What are the names of the miners who died in the Emu Mine Disaster?

The mineworker’s names were:

Brett Ronald HANSSON age 27
Terreance Michael MARTIN age 28
Kerry William PETERS age 35
Timothy Henry PROCTOR age 30
Darryl Lyall SANDFORD age 27
Darrin WILLIAMS age 23 

What was the primary cause of the Emu Gold Mine disaster?

Inadequate inrush prevention i.e. physical barriers to prevent water entering the underground mine.

What was done as a result of the disaster?


The Western Australian State Government passed new legislation in 1994 and 1995 requiring employers to provide and maintain a working environment that does not expose employees to hazards. The legislation requires mine operators to submit a project management plan to the department at the start of mining operations, including an assessment of major risks associated with the mine and strategies to manage those risks. Flooding, or inrush, was identified as one of the major risks a mine operator must assess in its project management plan.

Circumstances and events leading up to the disaster


Excerpt from Report WA Department of Mines – According to the State Mining Engineer, Mr John Torlach, a relatively small open pit, (the 450 pit), which was previously mined immediately south of the much larger AG pit from which the decline was driven, had been used to accumulate water for process purposes.

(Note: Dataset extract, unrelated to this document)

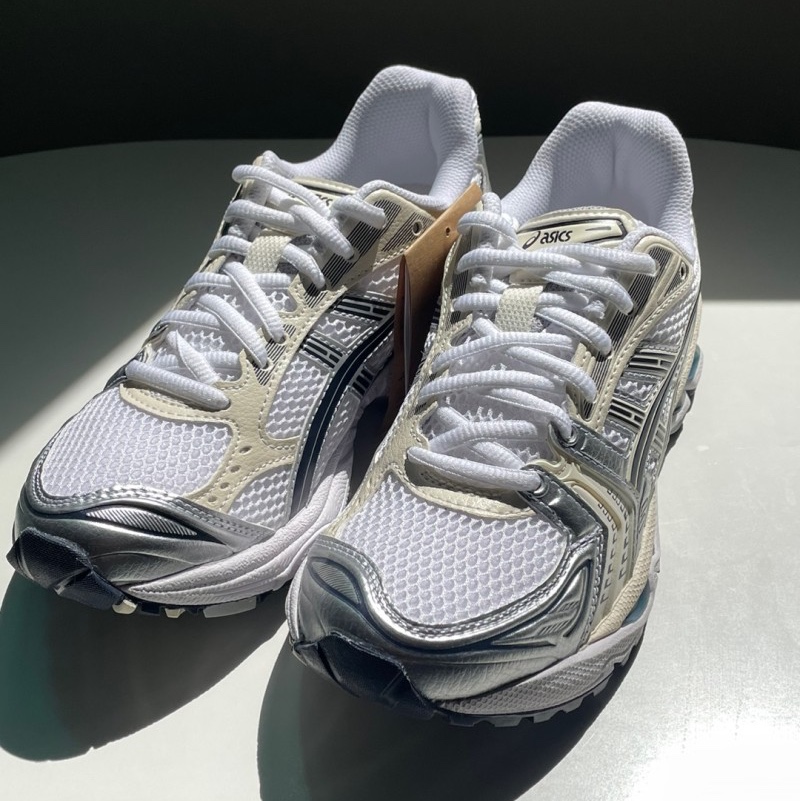 (W) Asics Gel-Kayano 14 White Midnight 착용 스타일 - 5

The mine is located in an arid region (average annual rainfall 254 mm), and to supplement groundwater make in the 450 pit, water from an adjacent creek system had been diverted into it when infrequent rains caused a brief run in the creek system.

Prior to the commencement of the development of the decline from the base of the main AG pit, a tailings dam wall had been extended to the south and west of the 450 pit so that it obstructed the flow of the main arm of the westerly flowing creek system.

A further significant factor was the mining of a southerly extension of the main AG pit in the upper section, as a result of which the upper sections of both pits were separated by a relatively narrow bridge of weathered surface rock.

At the same time, the water level in the 450 pit began to rise as the blocked creek system backed up and began to sheet over into it.
The mining crew made preparation to vacate the decline following an early afternoon blast. The afternoon shift was cancelled and all major equipment was withdrawn from the decline.

At about the time water began to overtop the narrow neck of ground between the two pits and to cascade into the south end of the main AG pit, the mining crew (three men), the electrician and the Underground Manager re-entered the decline in a large front-end loader to retrieve a pump. As they did so, the neck of ground separating the pits began to erode rapidly, vastly increasing the rate of water flow into the AG pit.

The attention of the Registered Manager was drawn to this by persons standing at the pit top. The Manager drove into the pit and down into the decline to withdraw the men. During the short time that elapsed after he entered the decline, the water flow became overwhelming and all six men were drowned. Their bodies were subsequently recovered about 100 m from the portal.


The creek water runoff which had accumulated in a broad (although relatively shallow) area south of the 450 pit had run into that pit and thence into the AG pit via the eroded neck between the two.

John Torlach, Western Australia State Mining Engineer

Preventative action from the Emu Gold Mine disaster

Following the Emu Gold Mine Disaster, State Mining Engineer John Torlach recommended a number changes including implementing catastrophic in rush protection in arid flat regions where infrequent but massive rainfall and run off may take place;

Mr Torlach recommended that “the integrity of large scale water pondage or storage adjacent to underground mines must be assured, where such a requirement can not be avoided by its placement elsewhere and that emergency preparedness plans must take account of every conceivable contingency, persons must be practised in such plans, and adequate emergency communication must be provided. This initial advice is necessarily brief but a more complete illustrated report will be prepared for circulation as soon as practicable.”